I'm about to go to Sydney for a few days solo freewheeling, and I'm currently umming and ahhing about what book to take. I think I'll take Stevel Toltz's
A Fraction of the Whole. It's been much
lauded, and I've read the first chapter (extract
here <---linky) and it's right up my alley. Some here (and I can think especially of some usual suspects and accomplices) might want to take a guernsey at it, as I think it might be right up theirs too.

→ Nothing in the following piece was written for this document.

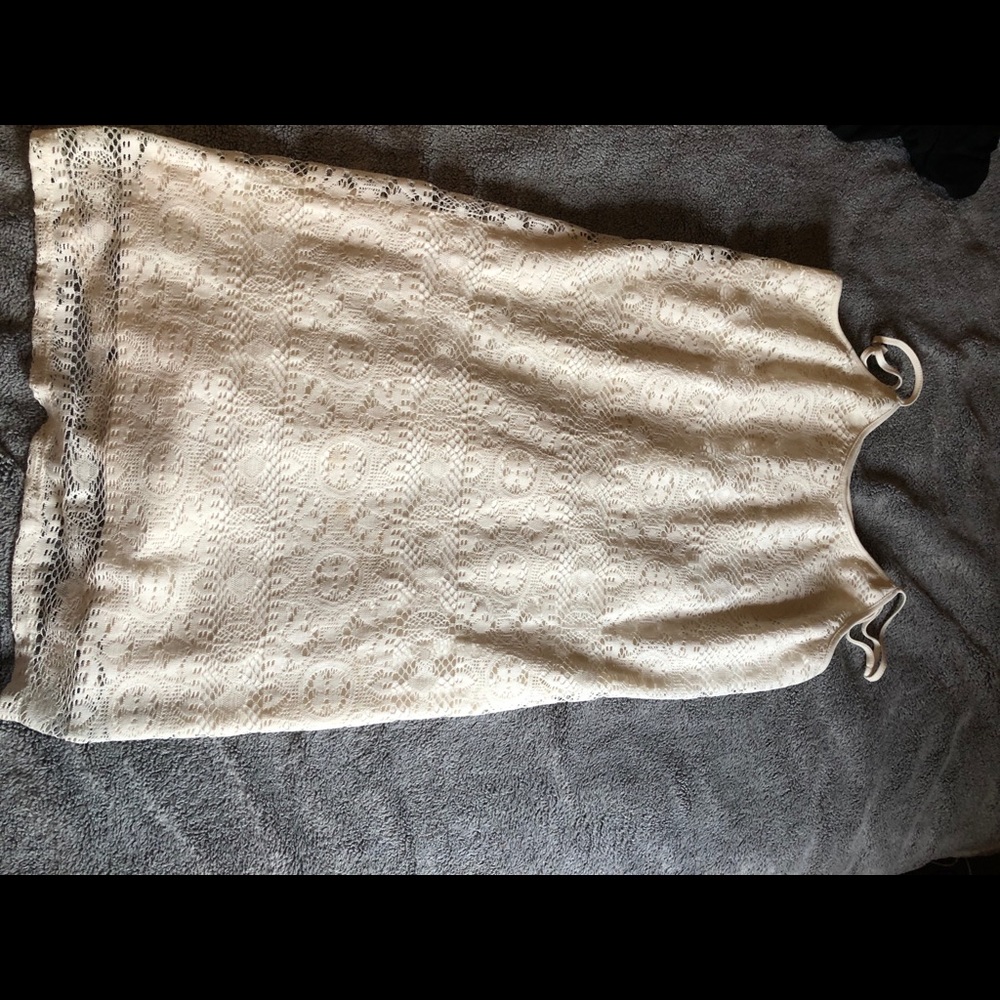 Cream/white dress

I think it's available as an ebook (epub) from Penguin UK, and it says it is in ebook form at Random House for the US, but I haven't looked further, seeing as I got it in a secondhand bookstore in pbook form.
Quote:
A Fraction of the Whole - ABOUT THE BOOK
Meet the Deans.
The Father is Martin Dean.
He taught his son always to make up his mind, and then change it. An impossible, brilliant, restless man, he just wanted the world to listen to him – and the trouble started when the world did.
The Uncle is Terry Dean.
As a boy, Terry was the local sporting hero. As a man, he became Australia's favourite criminal, making up for injustice on the field with this own version of justice off it.
The Son is Jasper Dean.
Now that his father is dead, Jasper can try making some sense of his outrageous schemes to make the world a better place. Haunted by his own mysteriously missing mother and a strange recurring vision, Jasper has one abiding question: Is he doomed to become the lunatic who raised him, or a different kind of lunatic entirely?
From the New South Wales bush to bohemian Paris, from sports fields to strip clubs, from the jungles of Thailand to a leaky boat in the Pacific, Steve Toltz's A Fraction of the Whole follows the Deans on their freewheeling, scathingly funny and finally deeply moving quest to leave their mark on the world.